- **TRY IT**: Every line of the listing below is to be repeated exactly; the pictures stay out.

------ DATA SHOWN

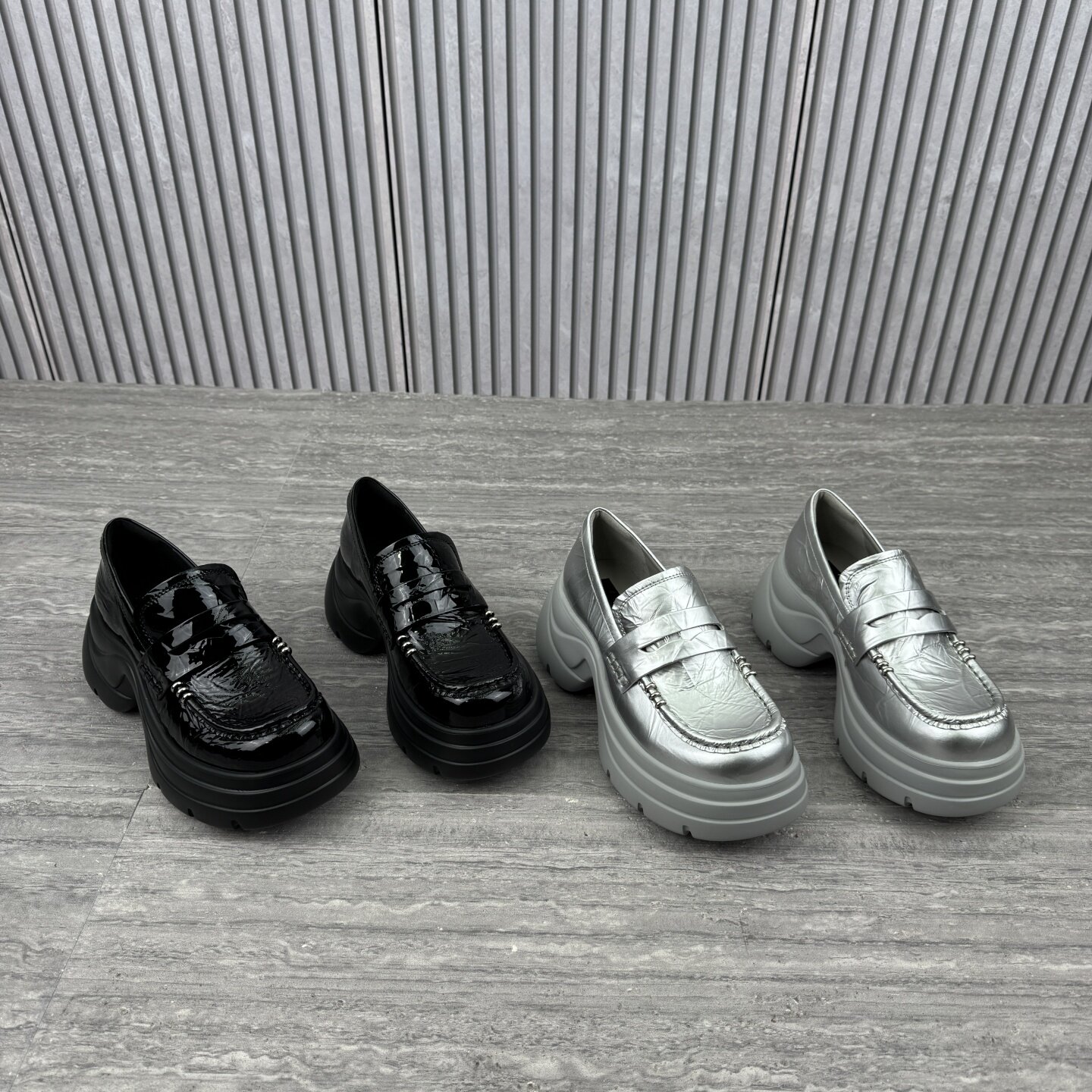 2026春季新款女鞋欧货欧洲站英伦风漆皮松糕底乐福鞋高跟厚底皮鞋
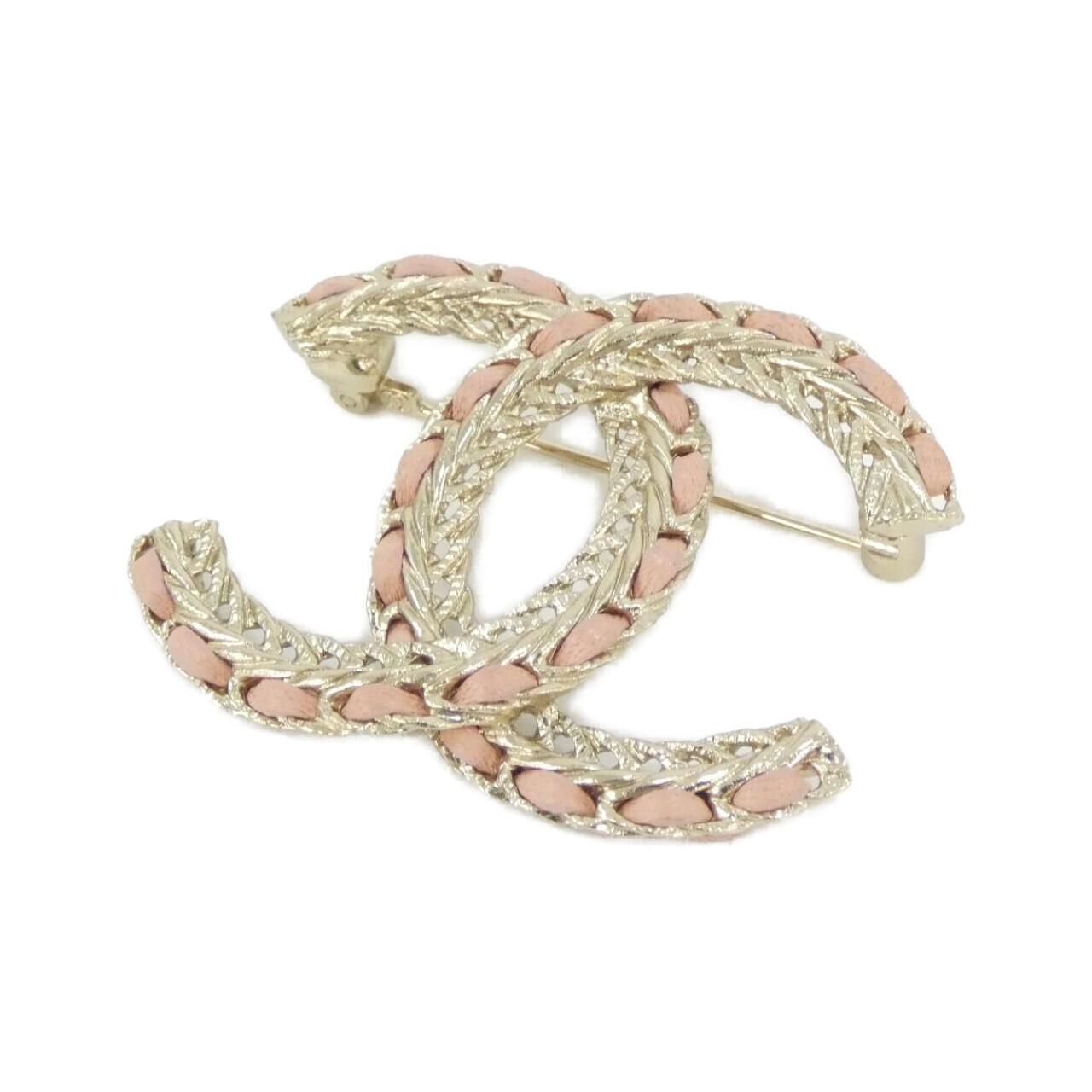 Chanel Brooch Gold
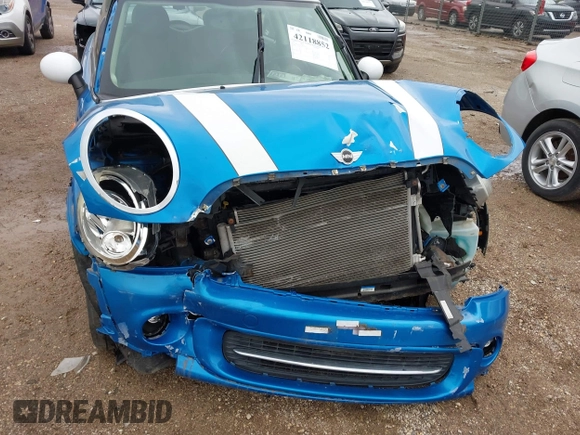 2011 MINI Hardtop with VIN WMWSU3C55BT252427, listed as a IAAI auction lot 42118852 with 151,077 mi miles and . Bid and sale history available at DreamBid. Image 6.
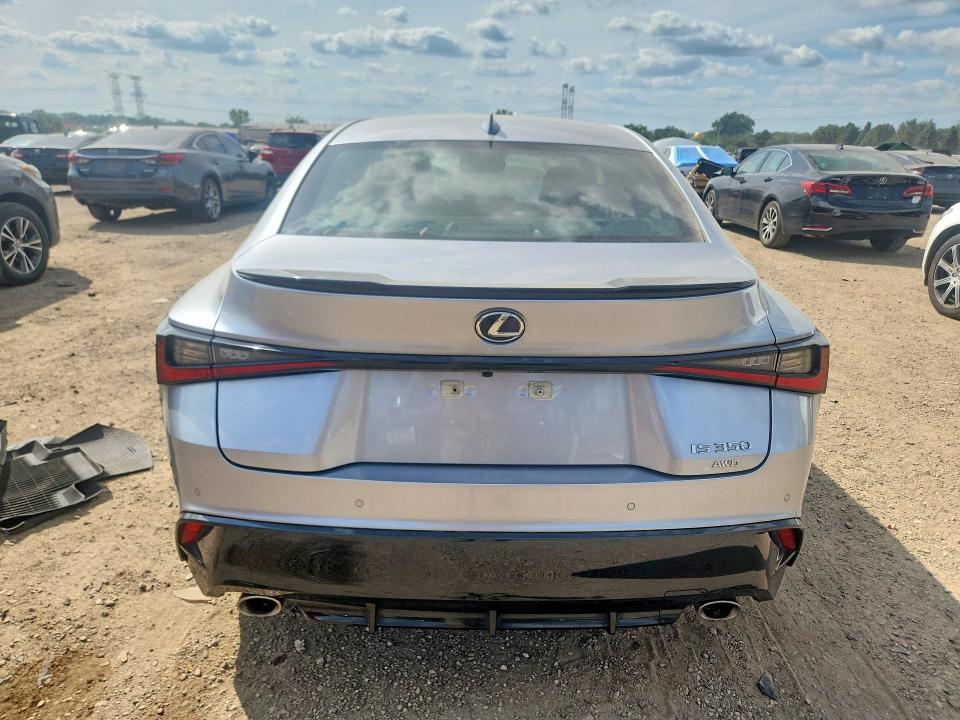 Photo 6 from auction – 2023 LEXUS IS with VIN JTHGZ1E2XP5029246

------------

- **RESULT OF THE EXERCISE**:
 2026春季新款女鞋欧货欧洲站英伦风漆皮松糕底乐福鞋高跟厚底皮鞋
 Chanel Brooch Gold
 2011 MINI Hardtop with VIN WMWSU3C55BT252427, listed as a IAAI auction lot 42118852 with 151,077 mi miles and . Bid and sale history available at DreamBid. Image 6.
 Photo 6 from auction – 2023 LEXUS IS with VIN JTHGZ1E2XP5029246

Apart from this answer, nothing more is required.